Clayton wish list includes arena

Clayton County leaders will be asked next week to consider building a $35 million civic arena with money raised from a special purpose local option sales tax, or SPLOST.

The county is compiling a list of capital projects over the next decade that would be funded by a SPLOST extension beginning in 2015. Other items on the wish list: new digs for county leaders and a state-of-the-art digital network that would consolidate county services.

The proposed arena, which would host sports events, graduations and concerts and would rival the Gwinnett Arena, would help the county draw more business and boost its image. At least that is the thinking of a SPLOST committee of residents tasked with suggesting projects the tax would fund.

A state-of-the art arena also would address quality-of-life issues that hamper Clayton, said Jonesboro resident DeMont Davis, an information technology consultant for schools who heads the county’s 2015 SPLOST Citizens Committee. Can the county support such a facility? Davis defers to county leaders for the answer.

“We’re looking at this (list) as the direction our citizens want to (use to) see our county move forward,” Davis said.

The group will make its recommendations to commissioners Tuesday night. Commission chairman Jeff Turner agrees with Davis’ assessment.

“We need to start thinking bigger and wanting more for Clayton. We need to bring back graduations to Clayton and (bring in) sporting events, plays and the type of events that Clayton residents go to Cobb and Gwinnett to enjoy,” Turner said Thursday. “I haven’t seen the actual list but if the civic center is on there, that’s a plus. It’s not a done deal for any project. The board has the final say.”

But critics say the county can’t afford such an expensive proposition when it hasn’t completed many of the projects from two previous SPLOST programs. Clayton’s chief operating officer told The Atlanta Journal-Constitution Thursday that the county is taking a different tack to avoid problems that plagued past SPLOST programs.

“We’ve taken a strategic approach toward SPLOST,” COO Arrelle Anderson said.”We’ve looked at the county holistically and identified categories that would help benefit the county.” The 2015 SPLOST will focus on technology, facilities, fleets and transportation, she said.

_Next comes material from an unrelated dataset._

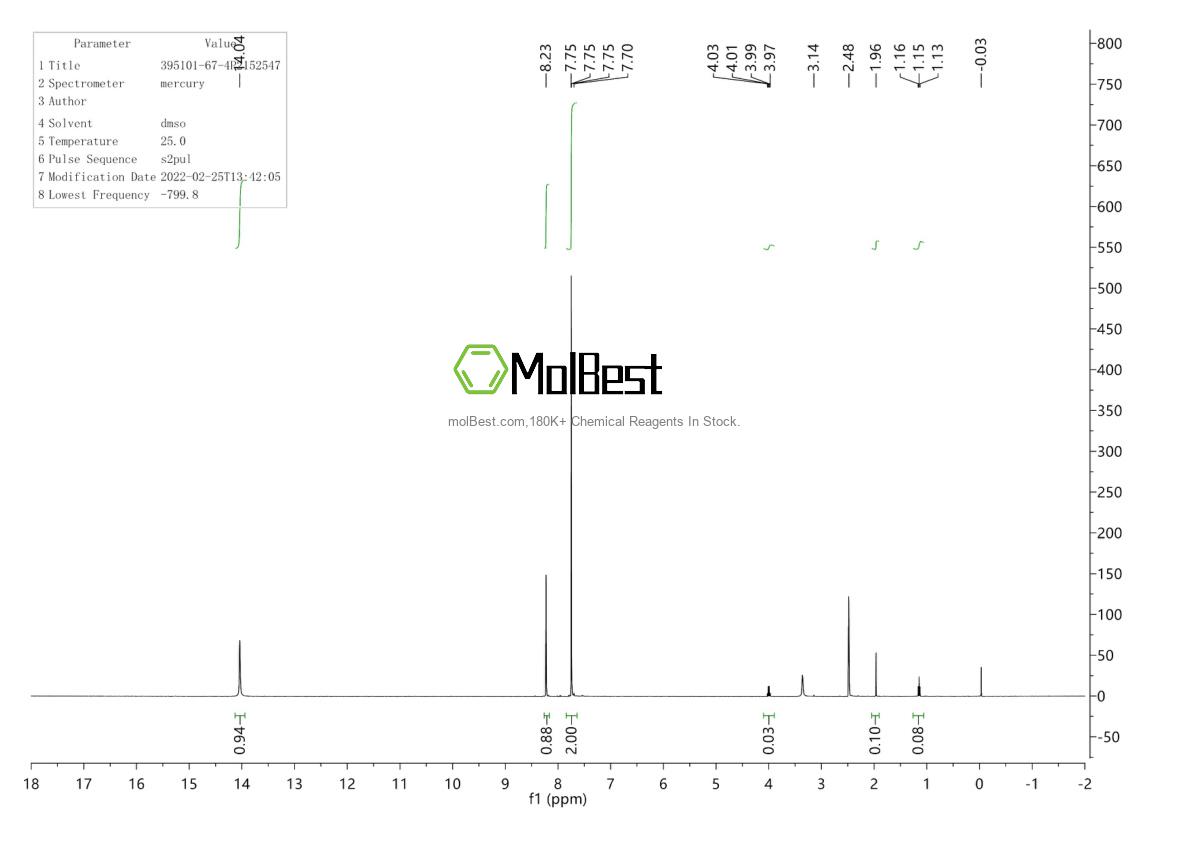 Physical sample testing spectrum (NMR) of 395101-67-4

County officials have not decided how long taxes will be collected.

Strategy aside, county officials have yet to give a full accounting of projects created in the 2004 and 2009 SPLOST programs, said Robbie Moore, a Jonesboro resident and former county commissioner who served in the mid-1990s.

“Before I’d ask people to spend more money on more projects, I would show them what we’ve done with their previous money,” Moore said. “And I would only be willing to ask them to spend money on projects that would bring jobs to our community. Not pie-in-the sky dreams.”

Hampton resident Dr. Henry Anderson said he’d welcome an arena.

“An arena would be great for the southside because we need a venue for graduations and other upscale functions like they have on the northside,” he said. But he also expressed concern about projects in the 2004 and 2009 SPLOST that haven’t been completed, some of which have languished for nearly a decade. “Those projects should be completed as promised.”

Moore noted that Gwinnett had the commitment of a hockey team and indoor football team before it built its arena. Moore said the money raised through the next SPLOST would be better spent on an industrial park that would create jobs in Clayton. “I’d rather take a chance on providing jobs, not entertainment.”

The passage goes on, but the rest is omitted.